(Provided records Opens)
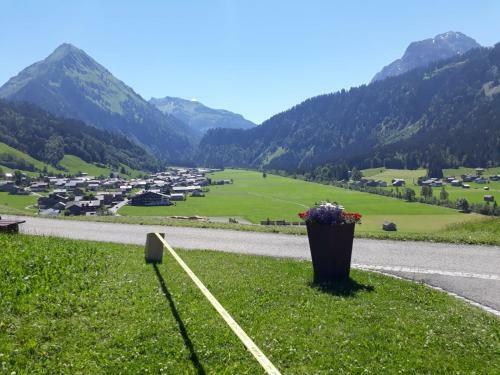 Hostal Haus Erna Schoppernau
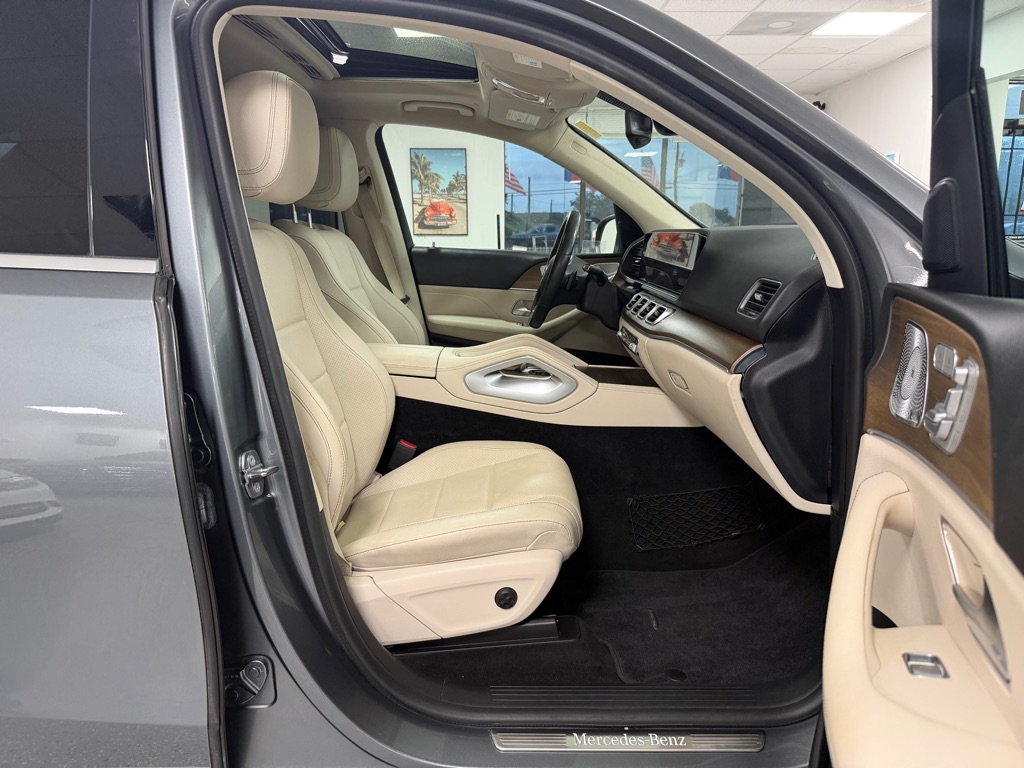 Photo 23 of this MERCEDES-BENZ GLE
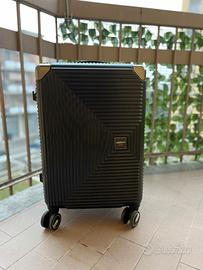 Valigia trolley nera rigida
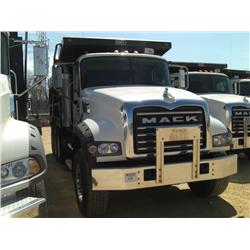 2007 MACK CTP 713 TRI-AXLE DUMP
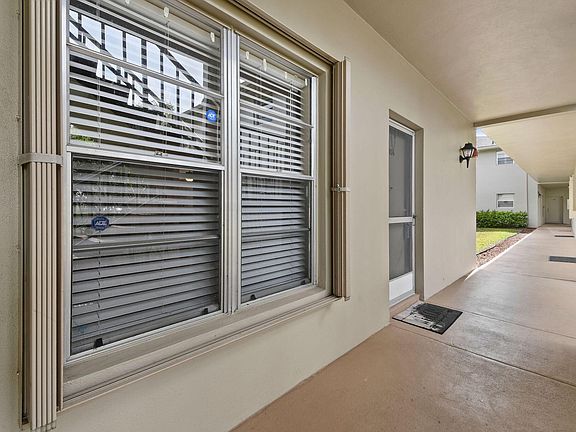 2nd image of 29 Lake Vista Trl APT 106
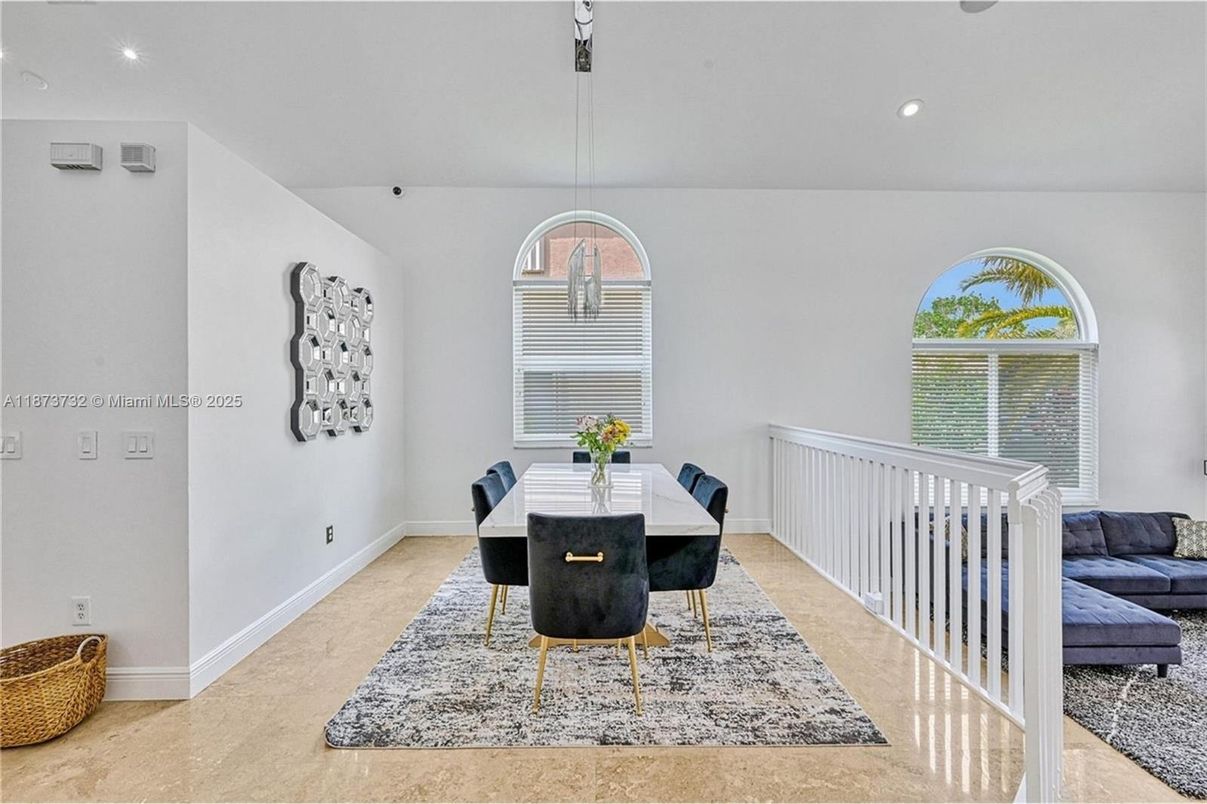 Dining room, Interior, Pendant Lights, Recessed Lighting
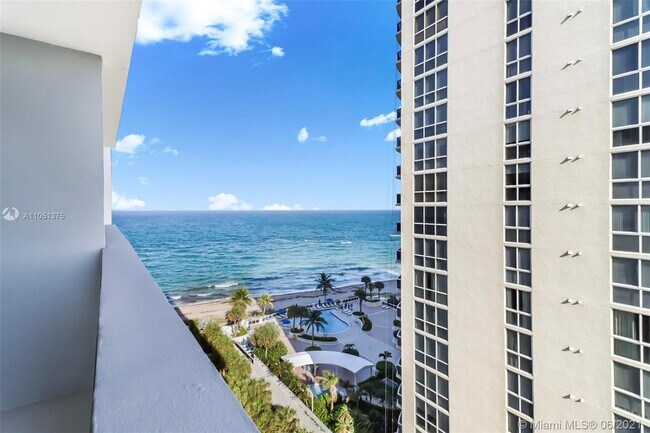 Building Photo - 4250 Galt Ocean Dr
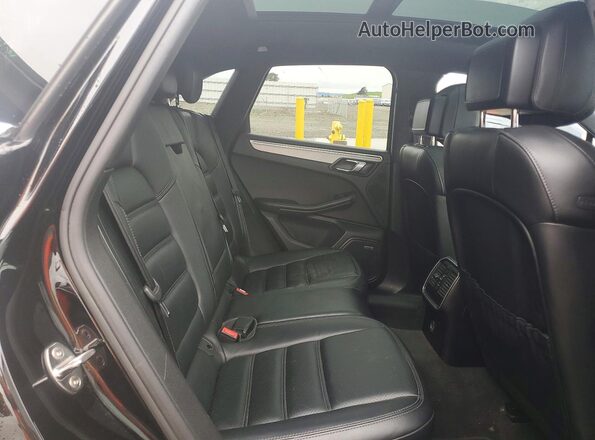 WP1AF2A53JLB70005 2018 PORSCHE MACAN Black Սալոնի հետևի տեսք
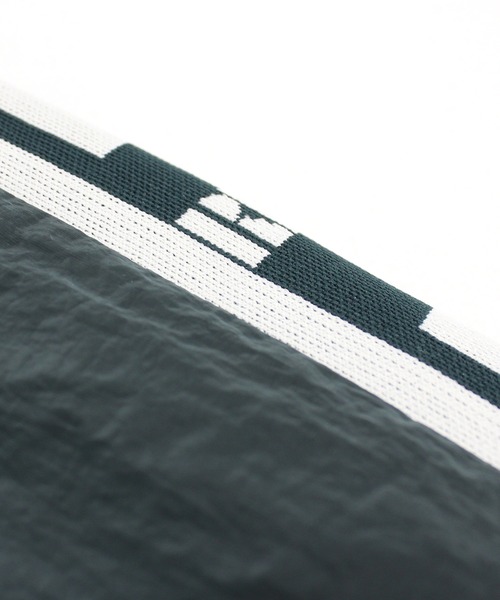 RNA（アールエヌエー）の「O0752 ナイロントラックオーバーオール（サロペット/オーバーオール・レディース・グレー/グリーン/パープル・MEDIUM）」の15枚目の写真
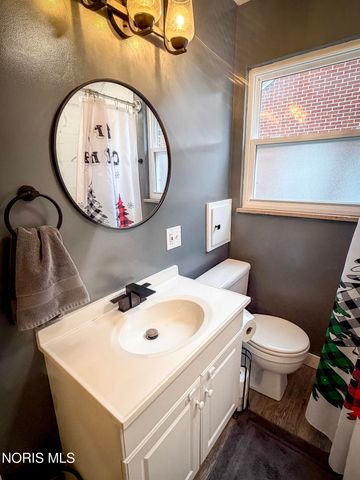 4233 Garrison Road, Toledo, OH 43613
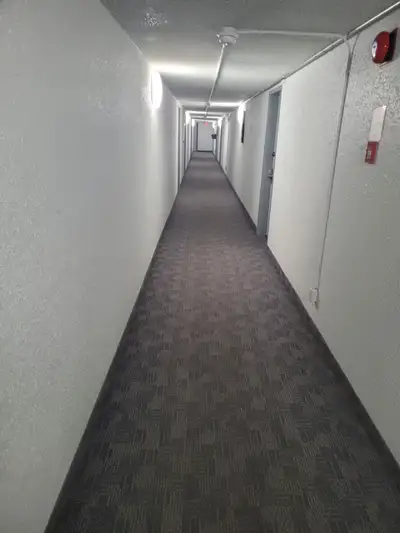 Westend room rental Great location near to Mayfield shopping mall، West edmonton mall، Misercordia h...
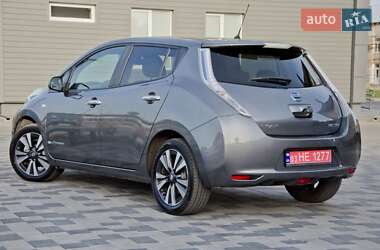 Хэтчбек Nissan Leaf 2017 в 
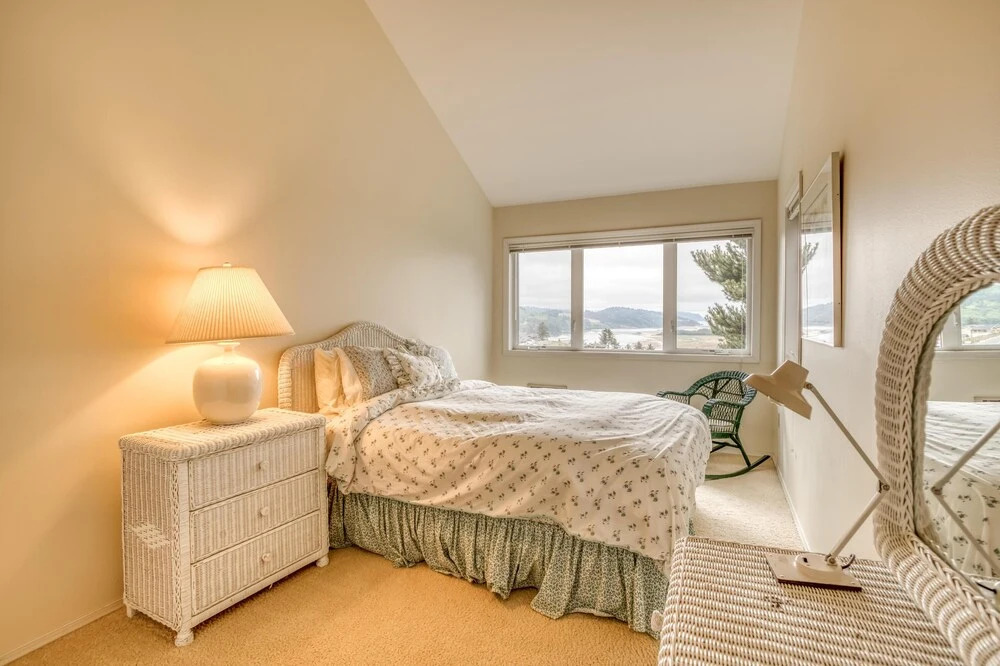 Spectacular River and Ocean View - Charming Coastal Retreat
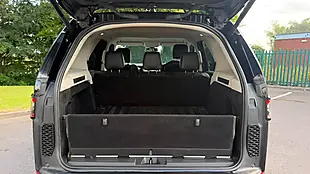 Used 2018 Land Rover Discovery Se Black - Interior and Exterior details 9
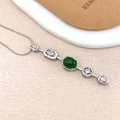 Collier à pampilles argenté avec pierre ovale vert émeraude et accents de zircon brillants - Vert Argenté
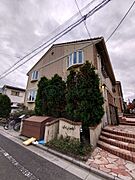 西荻窪駅より徒歩20分 築12年2ヶ月 2階建の賃貸物件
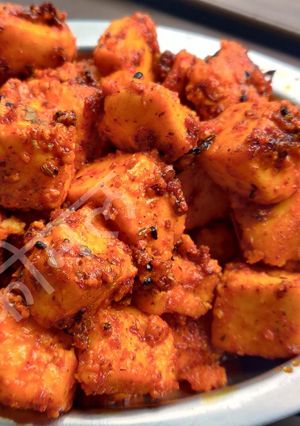 आचारी पनीर फ्राय (achari paneer fry recipe in marathi) रेसिपी चे मुख्य फोटो 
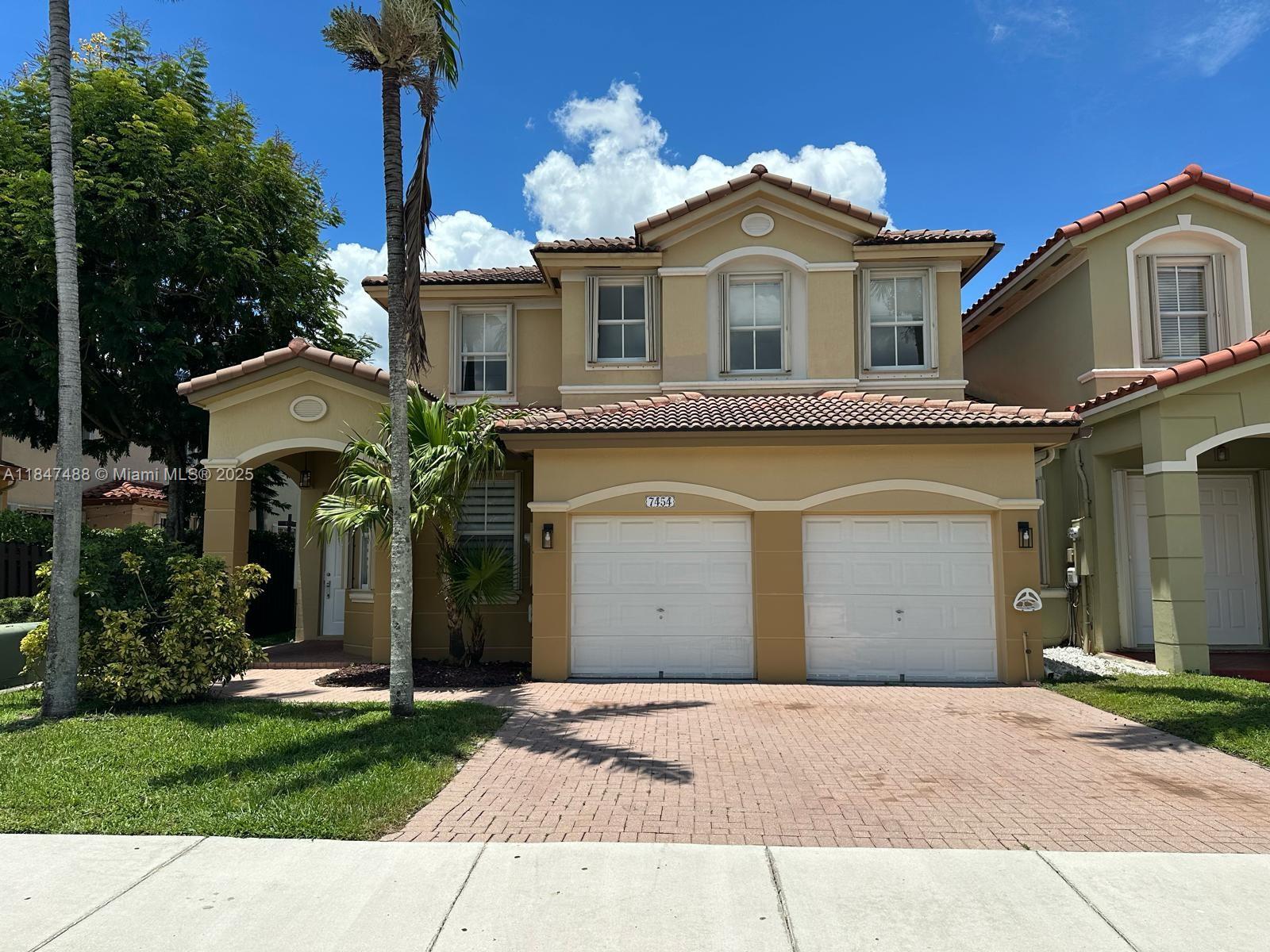 7454 NW 112th Pl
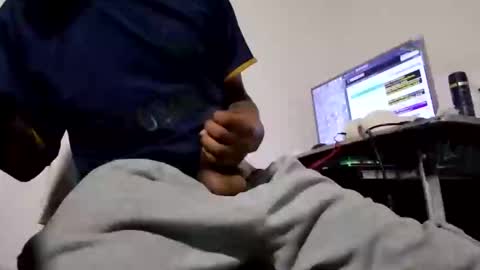 vergalarga77711 online show from 10/15/25, 05:40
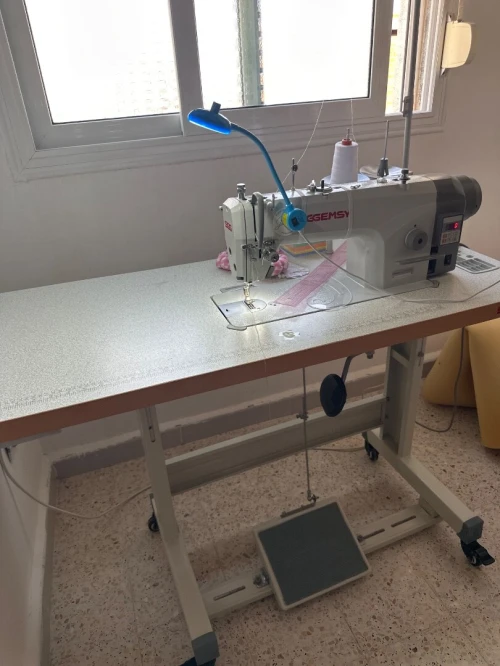 Machine à coudre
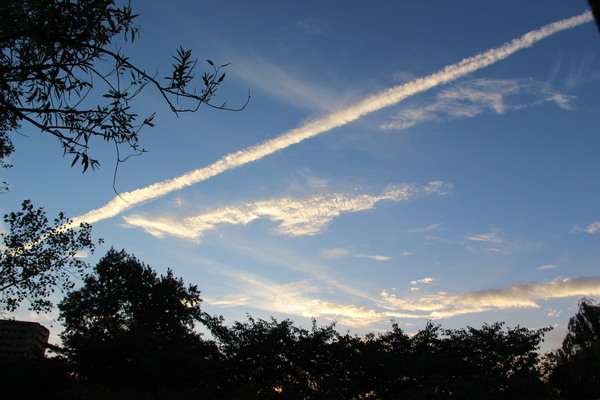 初秋の空と飛行機雲/癒し憩い画像データベース
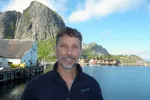 Den amerikanske oppdretteren Rob Young i Riverence har besøkt Lofoten tre ganger, her på Reine.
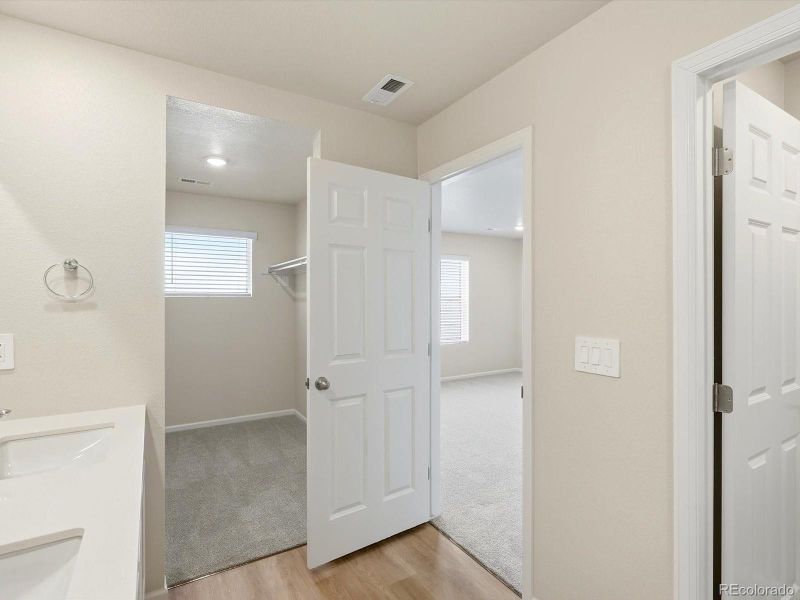 Spacious, unfurnished interior of a new home in , Windsor (Image 24).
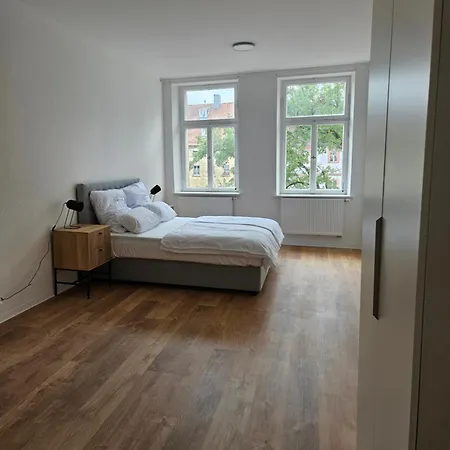 Zentral In Fussgaengerzone, 3 Schlafzimmer, 6 Personen Apartment Bayreuth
(Provided records Closes)
- Task instructions:
Leave out any pictures and return exactly the lines from the beginning of the data through the line with "Westend room rental", inclusive.

- Task answer:
 Hostal Haus Erna Schoppernau
 Photo 23 of this MERCEDES-BENZ GLE
 Valigia trolley nera rigida
 2007 MACK CTP 713 TRI-AXLE DUMP
 2nd image of 29 Lake Vista Trl APT 106
 Dining room, Interior, Pendant Lights, Recessed Lighting
 Building Photo - 4250 Galt Ocean Dr
 WP1AF2A53JLB70005 2018 PORSCHE MACAN Black Սալոնի հետևի տեսք
 RNA（アールエヌエー）の「O0752 ナイロントラックオーバーオール（サロペット/オーバーオール・レディース・グレー/グリーン/パープル・MEDIUM）」の15枚目の写真
 4233 Garrison Road, Toledo, OH 43613
 Westend room rental Great location near to Mayfield shopping mall، West edmonton mall، Misercordia h...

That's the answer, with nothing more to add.